# [TASK INSTRUCTIONS]
Starting with the line that has "Skipping ahead from" in the records below and stopping after the line that has "Hi, this is", output every line exactly and nothing else; skip pictures.

# [Records contained in a dataset]
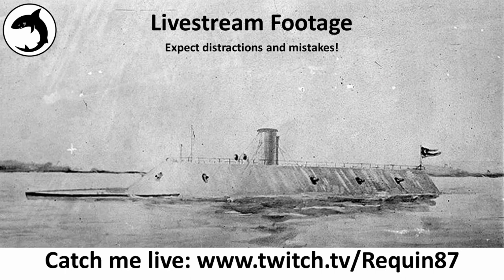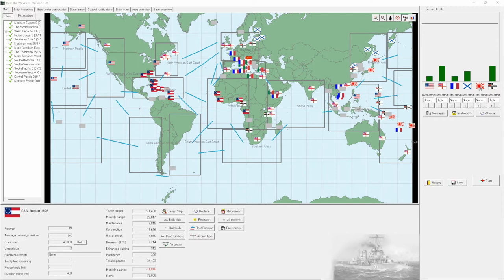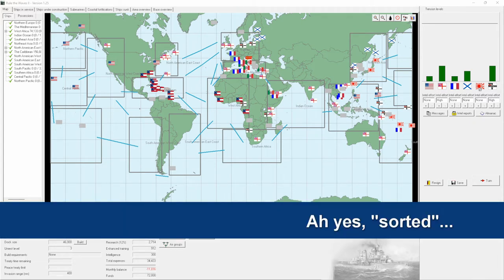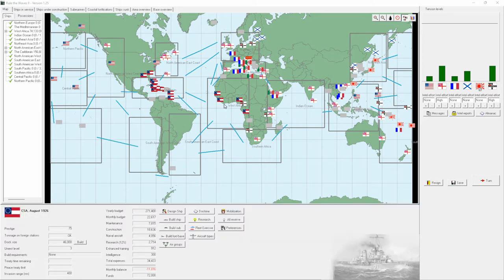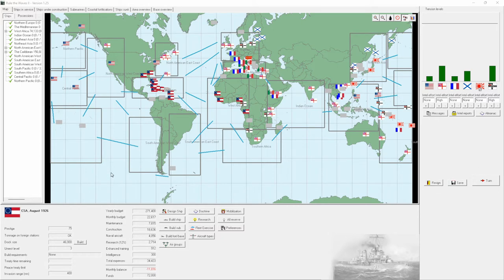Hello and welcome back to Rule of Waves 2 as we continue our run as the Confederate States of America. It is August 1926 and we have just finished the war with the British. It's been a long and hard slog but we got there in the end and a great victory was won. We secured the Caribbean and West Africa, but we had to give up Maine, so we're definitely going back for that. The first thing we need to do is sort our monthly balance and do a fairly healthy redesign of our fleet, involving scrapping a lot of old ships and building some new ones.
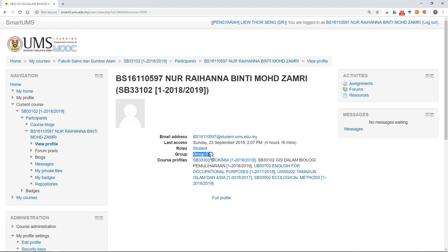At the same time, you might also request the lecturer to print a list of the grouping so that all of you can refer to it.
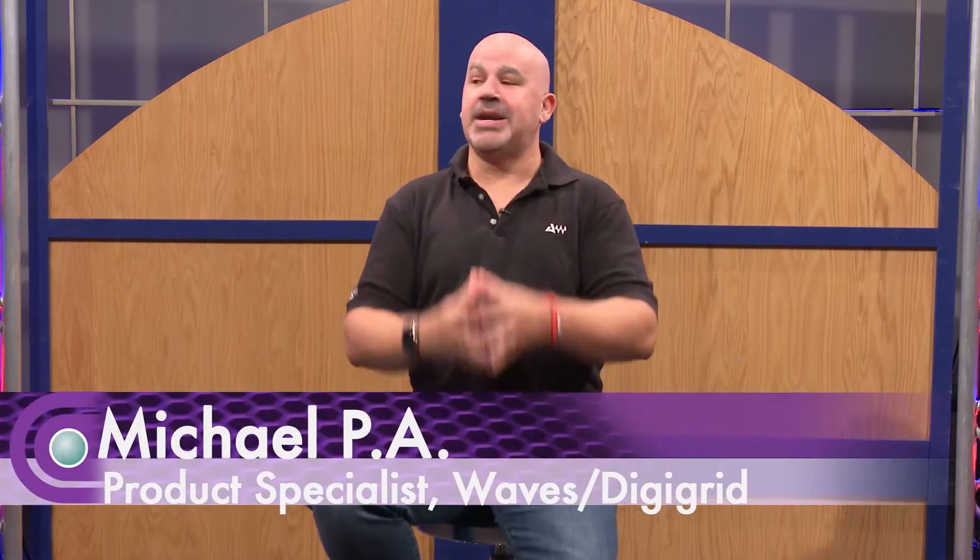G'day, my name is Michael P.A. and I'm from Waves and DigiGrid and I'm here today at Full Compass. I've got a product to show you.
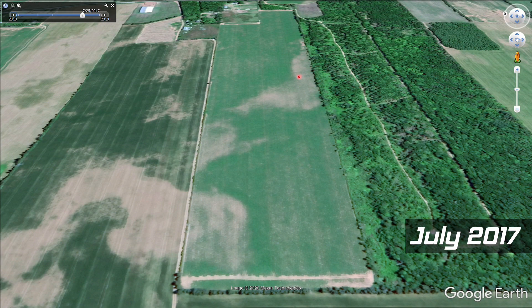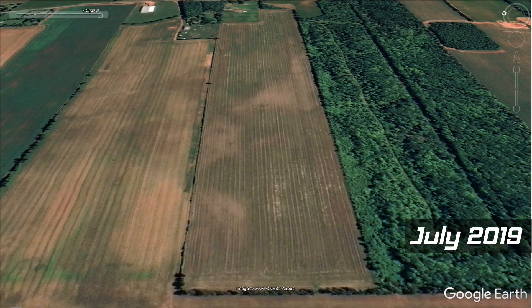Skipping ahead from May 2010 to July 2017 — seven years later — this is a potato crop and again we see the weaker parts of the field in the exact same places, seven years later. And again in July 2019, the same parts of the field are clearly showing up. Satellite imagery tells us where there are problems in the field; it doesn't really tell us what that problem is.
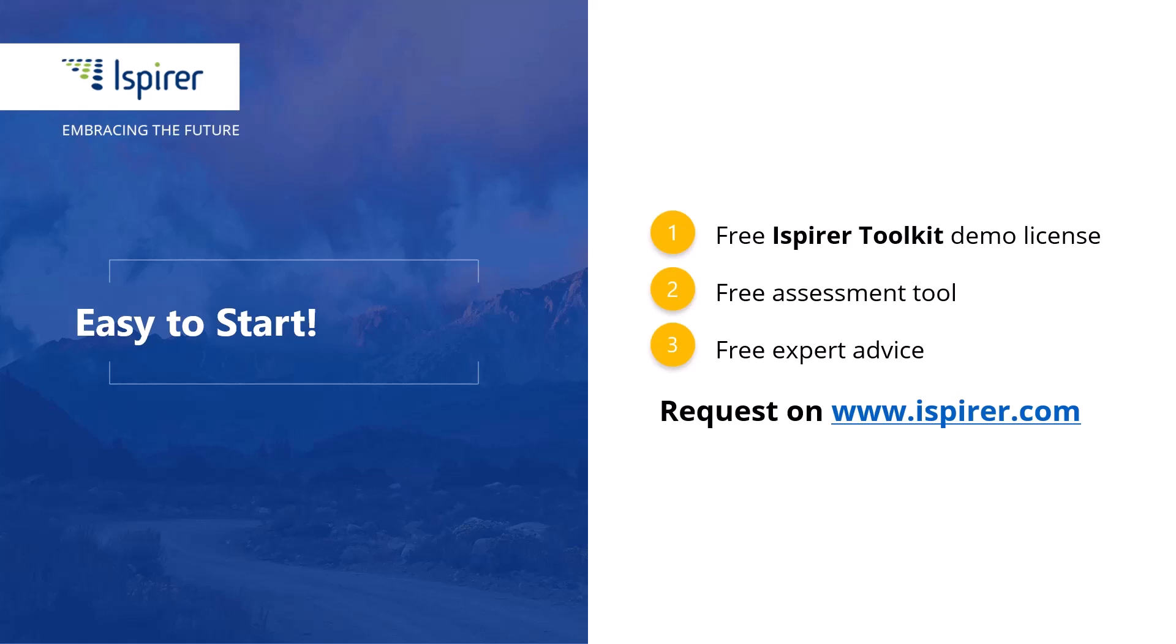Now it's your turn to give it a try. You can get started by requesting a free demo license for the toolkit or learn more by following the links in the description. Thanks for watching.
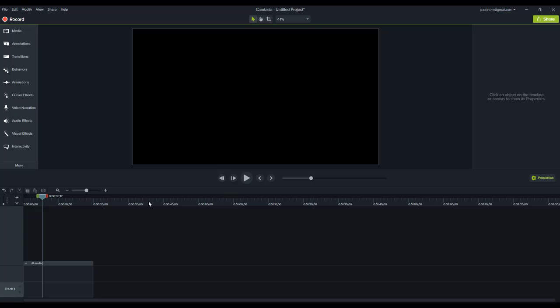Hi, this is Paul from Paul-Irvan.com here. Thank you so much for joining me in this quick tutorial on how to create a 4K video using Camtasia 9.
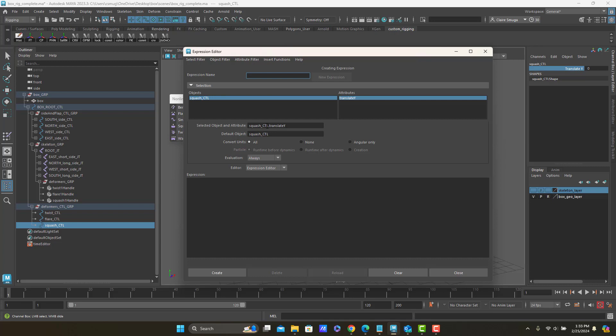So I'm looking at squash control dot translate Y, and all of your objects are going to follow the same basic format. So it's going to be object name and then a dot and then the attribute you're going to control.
--
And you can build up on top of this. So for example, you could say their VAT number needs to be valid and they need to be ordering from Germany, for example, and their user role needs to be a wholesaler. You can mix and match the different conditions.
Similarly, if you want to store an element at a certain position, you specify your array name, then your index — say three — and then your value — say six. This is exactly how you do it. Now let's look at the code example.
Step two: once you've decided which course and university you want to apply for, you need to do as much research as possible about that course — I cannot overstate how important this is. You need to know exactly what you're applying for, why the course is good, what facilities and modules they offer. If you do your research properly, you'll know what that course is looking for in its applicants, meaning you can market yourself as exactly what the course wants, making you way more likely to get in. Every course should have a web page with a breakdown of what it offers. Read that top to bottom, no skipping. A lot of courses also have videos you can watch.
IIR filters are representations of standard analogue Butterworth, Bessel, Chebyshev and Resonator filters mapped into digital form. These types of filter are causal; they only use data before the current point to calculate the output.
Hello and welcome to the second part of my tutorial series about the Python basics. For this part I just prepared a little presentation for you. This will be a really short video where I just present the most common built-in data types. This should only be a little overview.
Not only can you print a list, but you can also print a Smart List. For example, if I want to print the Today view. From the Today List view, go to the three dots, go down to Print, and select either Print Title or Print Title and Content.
...
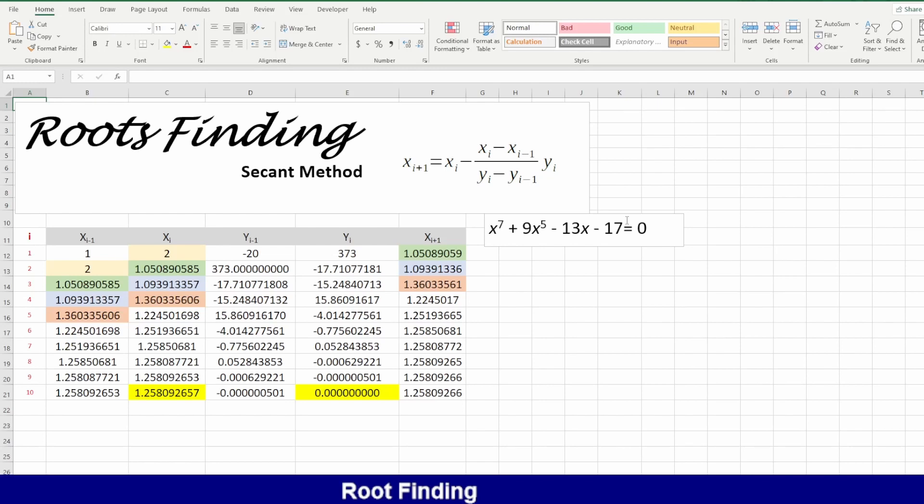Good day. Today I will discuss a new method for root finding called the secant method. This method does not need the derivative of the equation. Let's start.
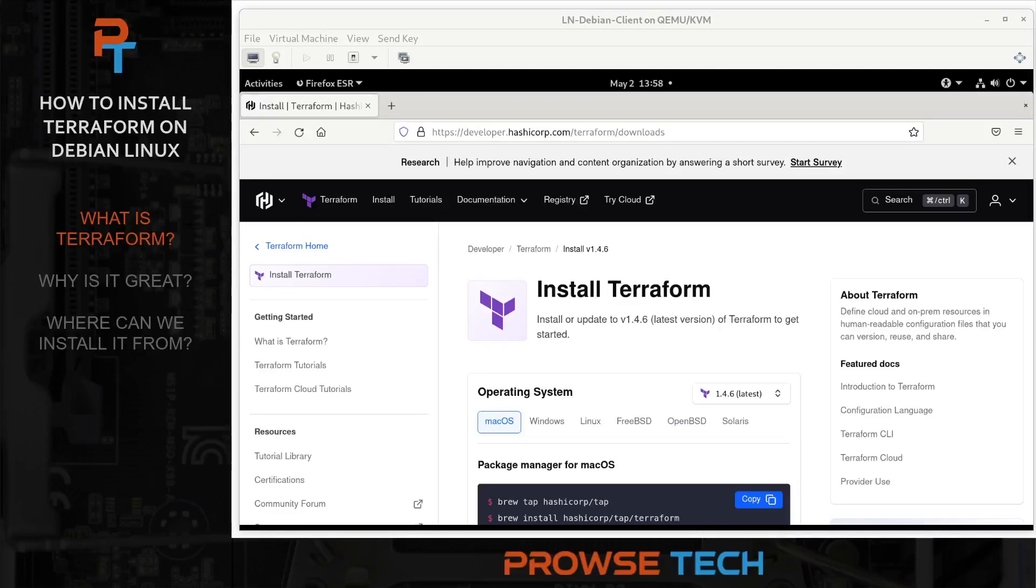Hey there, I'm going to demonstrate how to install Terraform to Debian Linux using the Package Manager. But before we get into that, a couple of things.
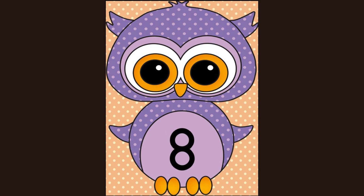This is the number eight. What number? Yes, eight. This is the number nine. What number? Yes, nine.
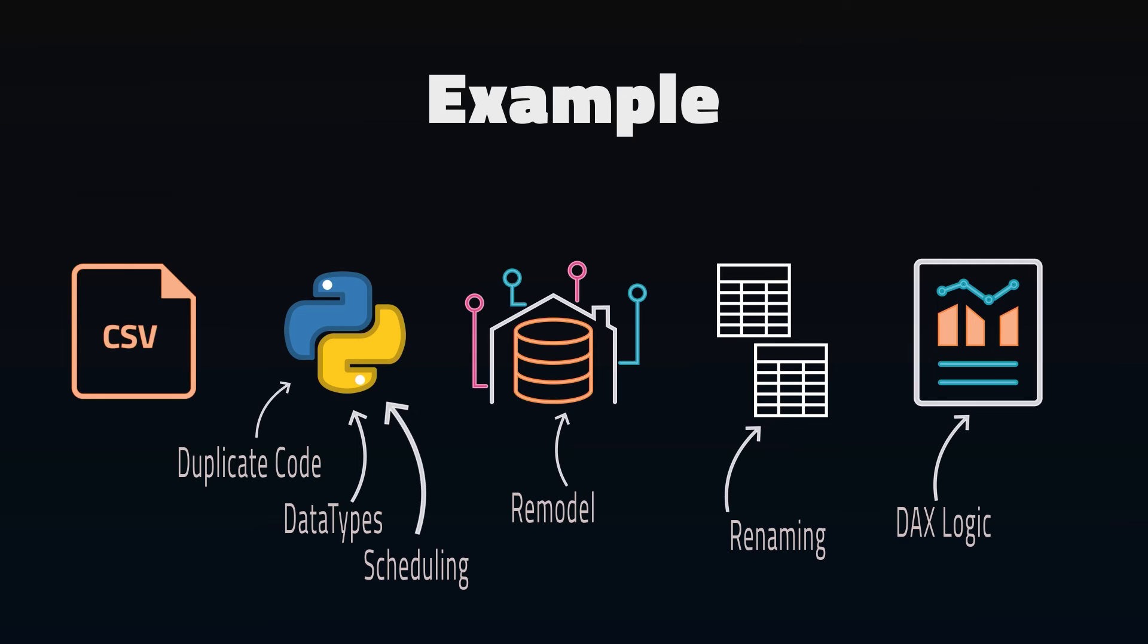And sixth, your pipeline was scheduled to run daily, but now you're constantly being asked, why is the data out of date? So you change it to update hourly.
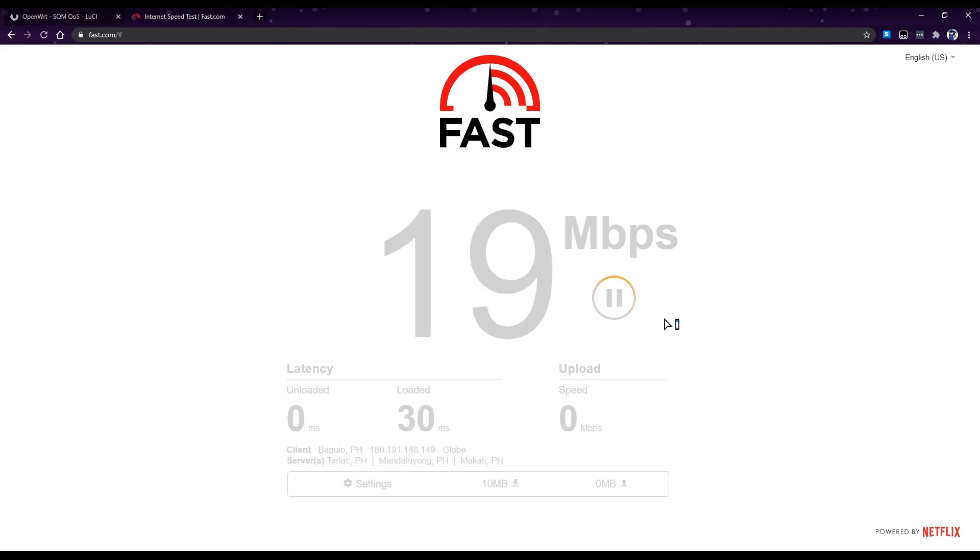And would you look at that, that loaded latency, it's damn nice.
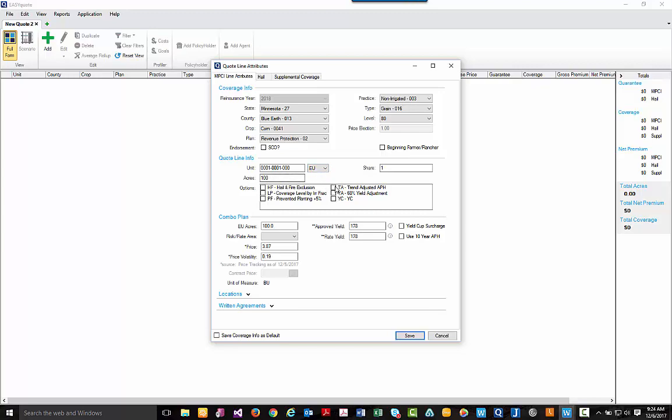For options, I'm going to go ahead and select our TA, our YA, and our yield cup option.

# [PROBLEM SOLUTION]
Skipping ahead from May 2010 to July 2017 — seven years later — this is a potato crop and again we see the weaker parts of the field in the exact same places, seven years later. And again in July 2019, the same parts of the field are clearly showing up. Satellite imagery tells us where there are problems in the field; it doesn't really tell us what that problem is.
Now it's your turn to give it a try. You can get started by requesting a free demo license for the toolkit or learn more by following the links in the description. Thanks for watching.
Hi, this is Paul from Paul-Irvan.com here. Thank you so much for joining me in this quick tutorial on how to create a 4K video using Camtasia 9.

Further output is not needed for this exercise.